Prospettive assistenziali, n. 111, luglio-settembre 1995

 

 

Interrogativi

 

 

PAROLE E FATTI PER UN VOLONTARIATO DIVERSO

 

Luciano Tavazza, nell'articolo "II volontariato e la solidarietà in Europa", pubblicato sul supple­mento al n. 6 della "Rivista del volontariato" so­stiene che occorre «un tipo di volontariato diver­so che sia:

- anzitutto vindice e promotore dei diritti uma­ni, costituzionali nazionali, sia di cittadinanza europea che planetaria;

- incisivo nel contribuire alla rimozione delle cause di ineguaglianza ed esclusione sociale; - capace di esprimere contestualmente la di­mensione del servizio all'uomo in difficoltà sul territorio nazionale o internazionale e la dimen­sione "politica" di impegno al mutamento della qualità della vita, nell'ambiente in cui si vive;

- schierato dalla parte degli esclusi più che impegnato soltanto a lavorare per loro;

- convinto che oggi non ci sono più problemi che si possano affrontare da soli, ma che si vincono attraverso una "strategia delle alleanze" anzitutto interna al terzo sistema, e poi applican­do duttili intese con le altre forze sociali, se ri­spettose della nostra originalità e autonomia».

Siamo perfettamente d'accordo con Tavazza, Segretario generale della Fondazione italiana per il volontariato. Ma, se si vuole veramente passare dal volontariato di beneficenza a quello dei diritti, non occorre che alle parole seguano i fatti?

Perché per molti anni sono stati incoraggiati e finanziati i volontari che hanno chiuso gli occhi di fronte ai 50 mila minori ricoverati in istituto, che non hanno mosso un dito nei riguardi delle decine di migliaia di vecchi cronici non autosuf­ficienti dimessi, spesso in modo selvaggio, dagli ospedali, compresi quelli privati che dicono di ispirarsi alla dottrina cattolica?

Che cosa si è fatto e che cosa si fa perché anche la scuola privata dell'obbligo, compresa quella gestita da religiosi, inserisca gli handi­cappati, in particolare gli intellettivi?

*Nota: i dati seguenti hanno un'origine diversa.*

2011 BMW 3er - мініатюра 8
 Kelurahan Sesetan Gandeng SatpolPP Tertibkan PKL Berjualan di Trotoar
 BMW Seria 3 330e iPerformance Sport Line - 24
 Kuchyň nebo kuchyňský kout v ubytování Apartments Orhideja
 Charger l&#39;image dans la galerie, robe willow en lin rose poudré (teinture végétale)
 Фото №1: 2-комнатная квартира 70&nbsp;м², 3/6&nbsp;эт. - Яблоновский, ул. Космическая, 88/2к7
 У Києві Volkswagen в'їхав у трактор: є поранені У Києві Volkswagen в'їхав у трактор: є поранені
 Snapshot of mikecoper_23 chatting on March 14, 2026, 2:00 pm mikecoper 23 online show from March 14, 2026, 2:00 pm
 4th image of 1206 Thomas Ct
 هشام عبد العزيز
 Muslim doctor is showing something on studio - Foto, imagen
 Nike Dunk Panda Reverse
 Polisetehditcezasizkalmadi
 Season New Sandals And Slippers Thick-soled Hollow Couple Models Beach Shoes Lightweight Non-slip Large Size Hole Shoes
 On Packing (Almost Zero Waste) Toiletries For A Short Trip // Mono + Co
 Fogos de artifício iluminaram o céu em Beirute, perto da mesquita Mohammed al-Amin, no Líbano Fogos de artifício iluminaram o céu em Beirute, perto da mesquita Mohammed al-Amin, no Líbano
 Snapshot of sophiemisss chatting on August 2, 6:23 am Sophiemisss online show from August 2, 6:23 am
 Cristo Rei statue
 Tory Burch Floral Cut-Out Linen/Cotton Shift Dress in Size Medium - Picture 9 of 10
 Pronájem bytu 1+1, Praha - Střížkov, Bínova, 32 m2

Non è arrivato il momento di incominciare a ve­rificare il rapporto fra le affermazioni verbali (spesso altosonanti) e l'operatività concreta con­trollando che sia effettivamente rivolta alla difesa effettiva dei diritti fondamentali delle persone?

 

 

DONNA MODERNA: UNA INACCETTABILE DISINFORMAZIONE

 

Nell'articolo "Mamme, perché uccidete i vostri figli?" pubblicato sul n. 29 del 27 luglio 1995 di Donna Moderna, Sabrina Barbieri sostiene che sono solamente due «le iniziative che cercano di dare aiuto concreto a mamme e future mamme in difficoltà» e cioè il "Cassonetto per la vita" isti­tuito dal Movimento per la vita ad Aosta e a Ca­sale Monferrato (Alessandria) e la "Dolce culla" promossa da Alleanza nazionale e Mediatel.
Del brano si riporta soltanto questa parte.